Not only are most of the buildings gone but so is land. The picture quality is fantastic, couldn't help but notice all that is missing.
Thanks for sharing.


----------



## sandybottom (Jun 1, 2005)

So sad what happened to Bolivar. I find it hard to hold back the tears for their loss.


----------



## WillieP (Jul 2, 2004)

It's hard to believe that those pic's were taken at the same place.


----------



## madf1man (Jan 28, 2005)

Wow, cool you thought about the re-shoot to show the diff


----------



## Shed Hunter (Mar 14, 2006)

Great job of a historic shot! Sad but true, you just captured history. Any more comparson shots? Very good idea to document what has happened.

SH


----------



## Fisher Lou (May 16, 2005)

Shed Hunter, I may have some more later. I have to look at the old ones and try to remember where i was standing.

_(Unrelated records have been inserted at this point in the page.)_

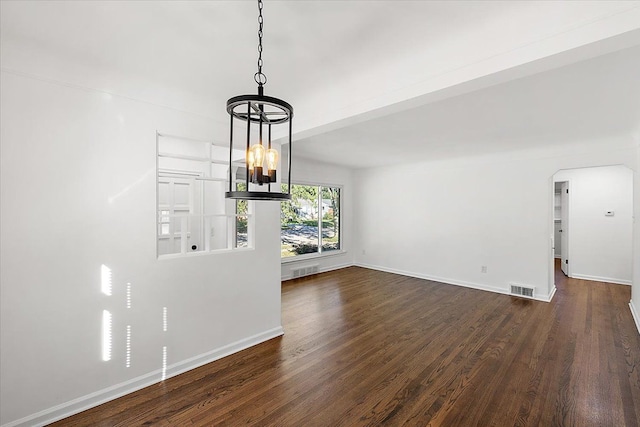 unfurnished dining area featuring baseboards, arched walkways, visible vents, dark wood-type flooring, and a chandelier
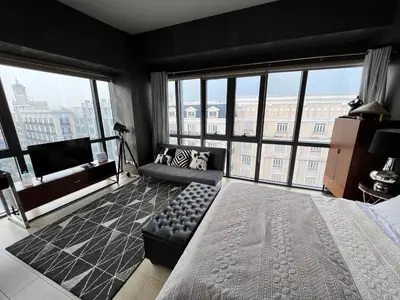 a bedroom with a bed and a couch and large windows at Modern Studio at NAIA Terminal 3 in Manila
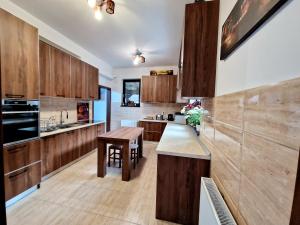 a kitchen with wooden cabinets and a wooden table at Pensiunea Izvorul Liniștii in Rădăşeni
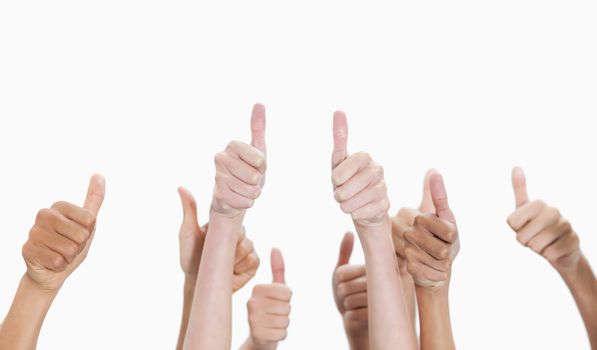 Thumbs-up against white background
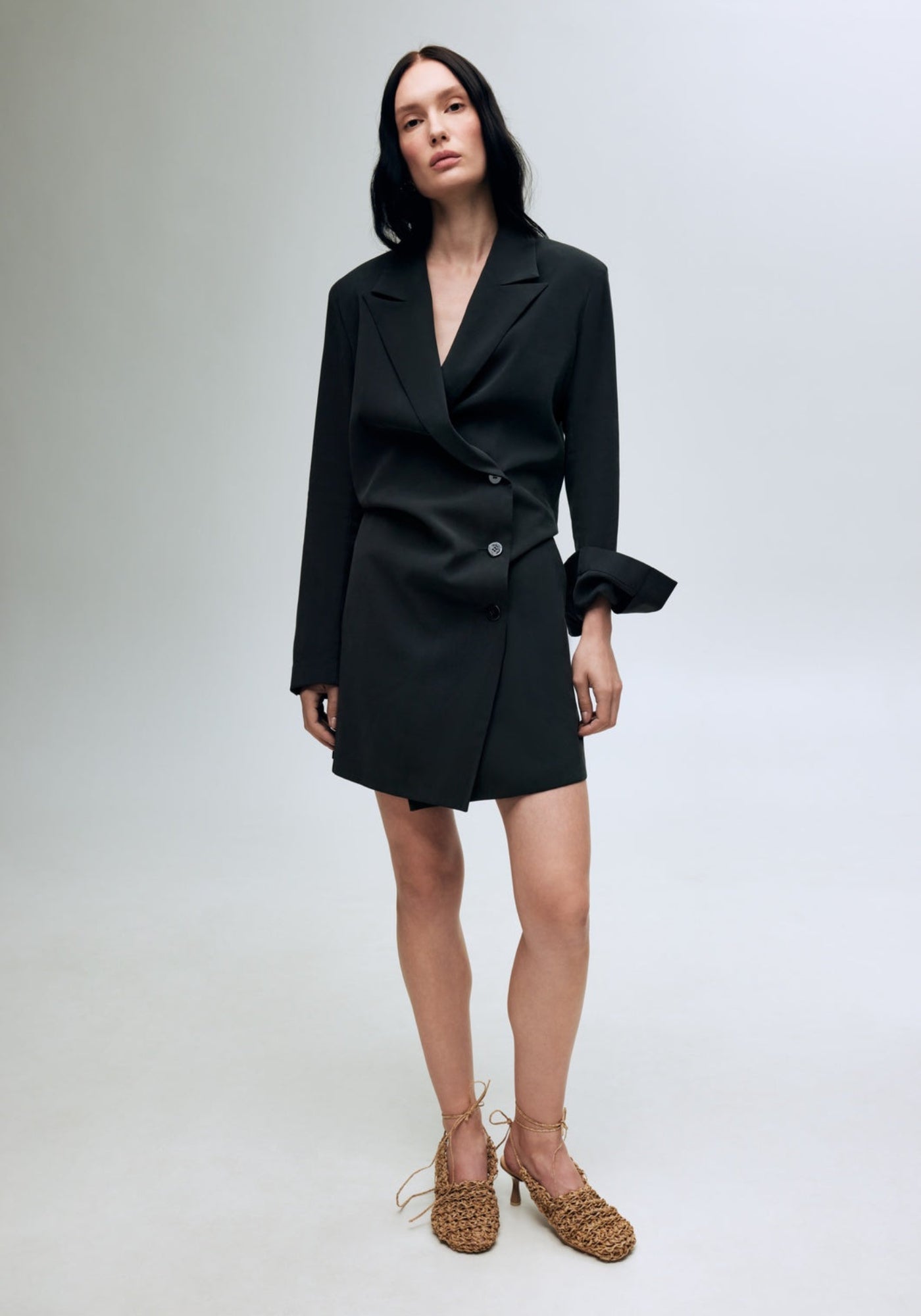 Black jacket dress with a back slit
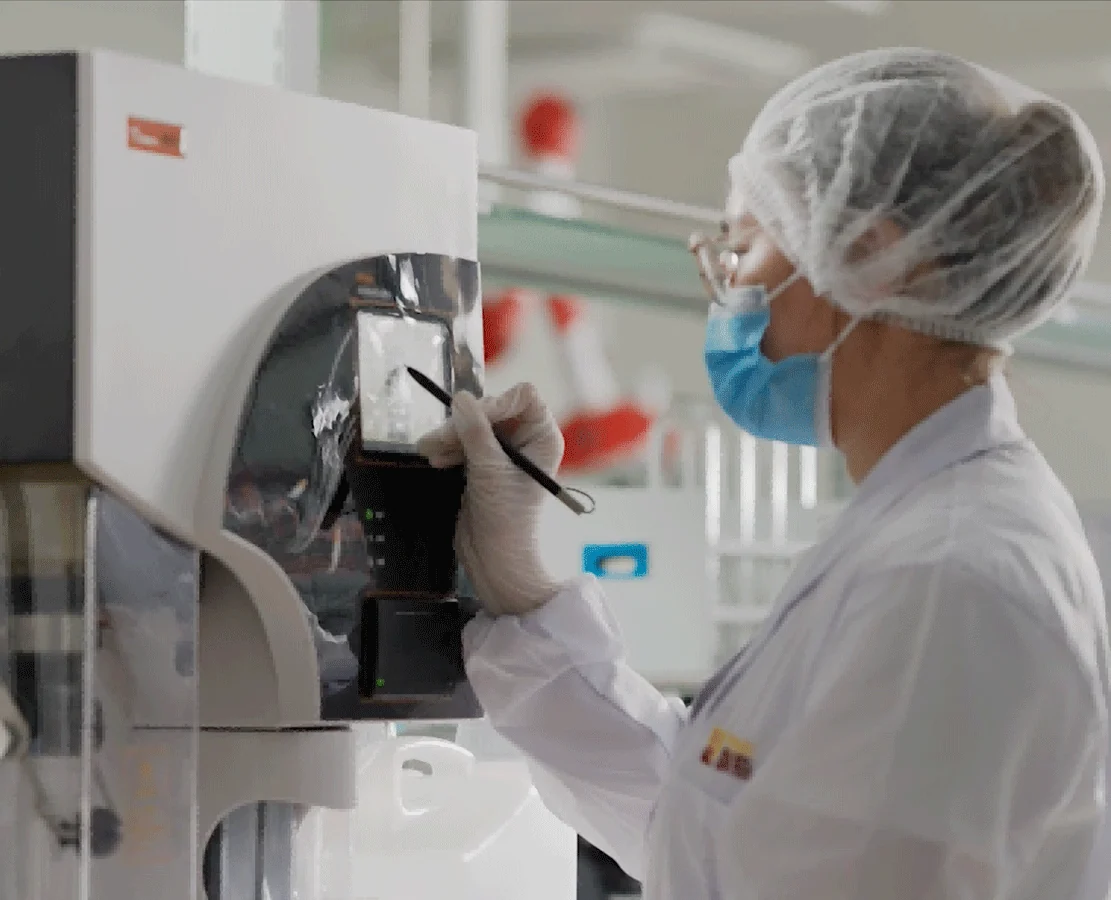 Yihai laboratory specialist checking an analytical instrument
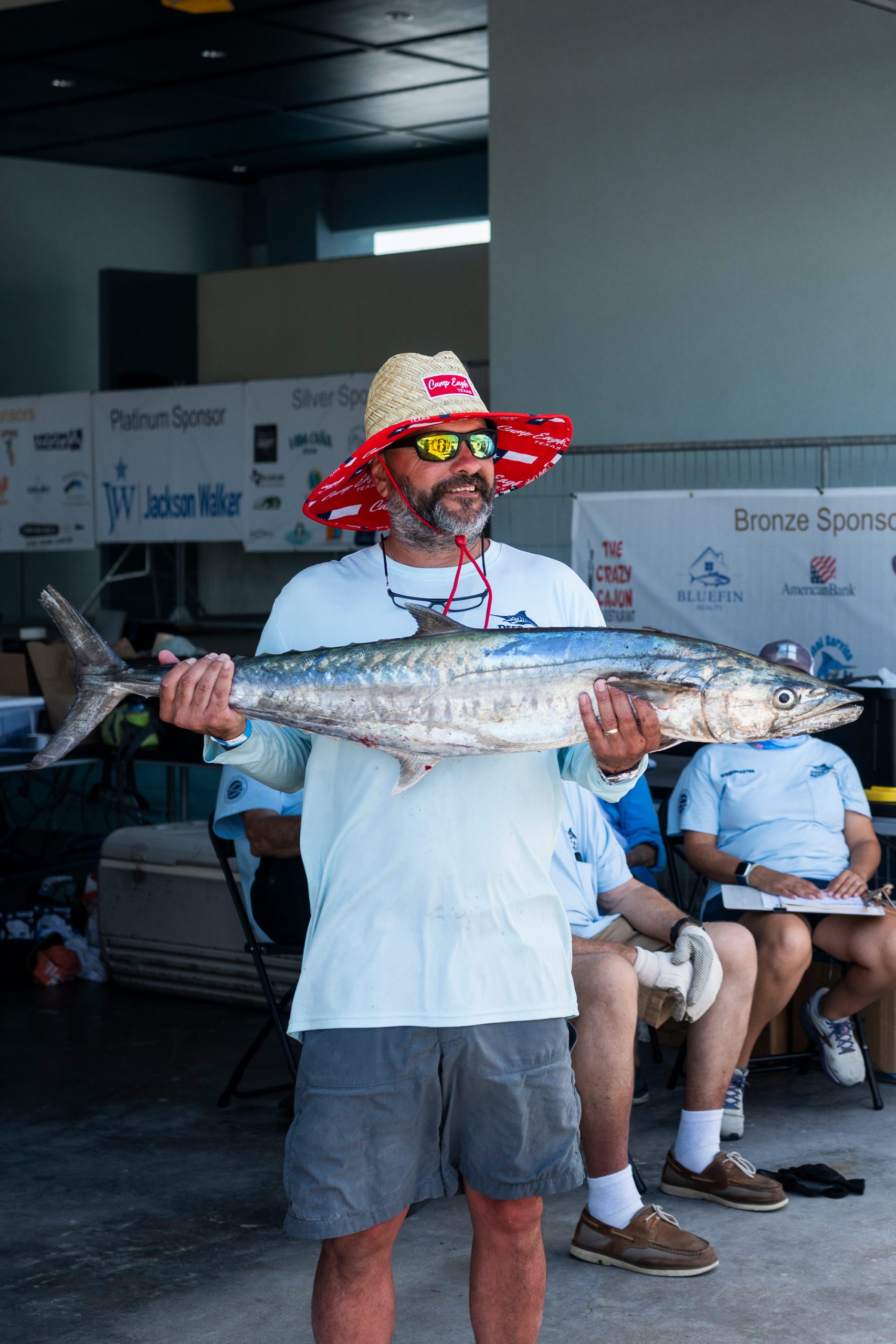 A man in a straw bucket hat holds a large fish
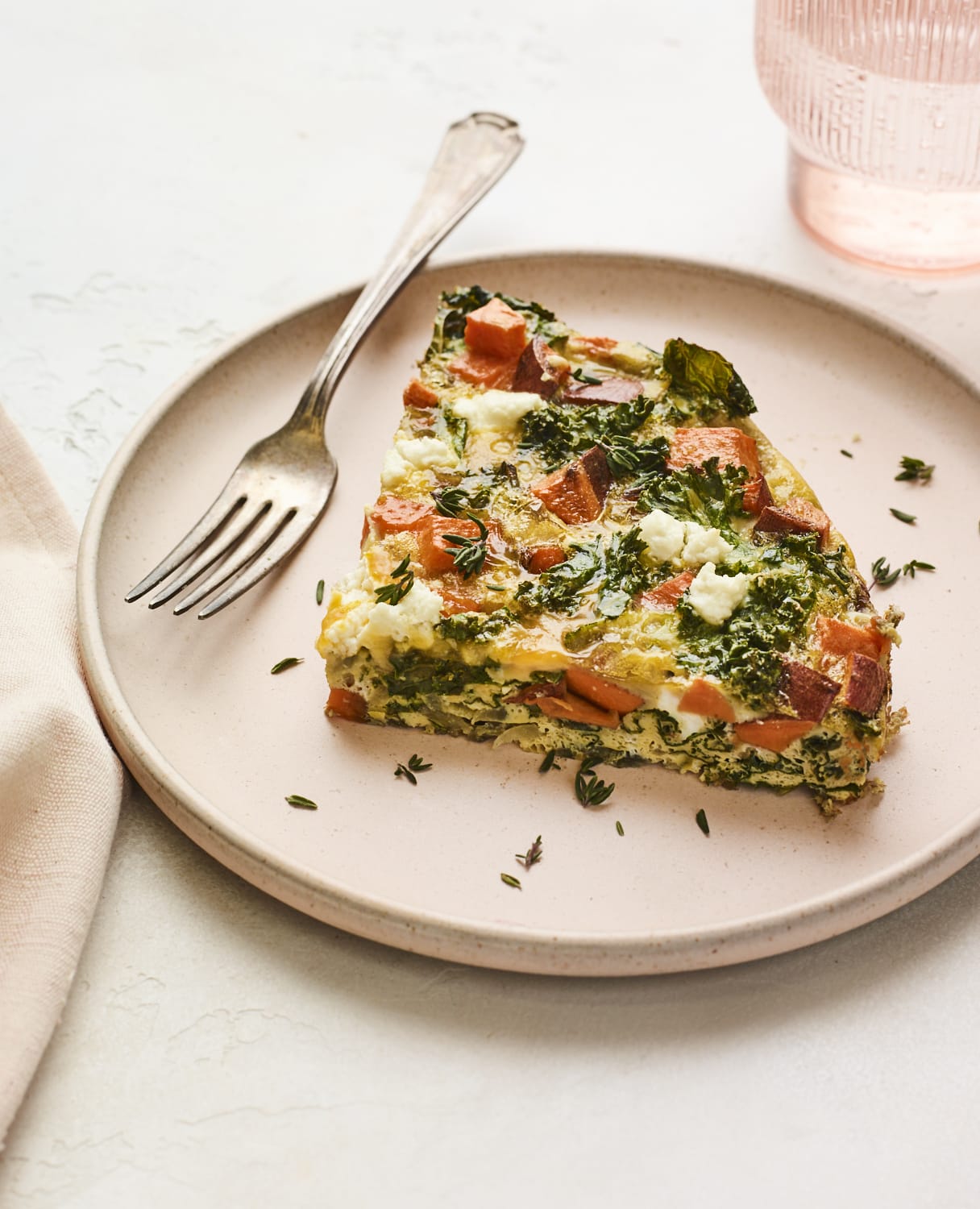 Slice of sweet potato kale frittata on a plate with a fork.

I will lood at my old p&s pictures and see if i can find a good comparison shot.


----------



## ranchpeddler (Aug 19, 2005)

*black stuff on beach in second shot?*

Great pictures, you captured something that is impossible to describe. Is the black plastic material on the beach the remnants of some beach dune project? How long had it been there if so? Thanks


----------



## Fisher Lou (May 16, 2005)

I think they are called "geotubes". They are filled with sand and water. They are permeable so that the water escapes leaving only the sand. Installation was about 10 years ago to help prevent erosion.


----------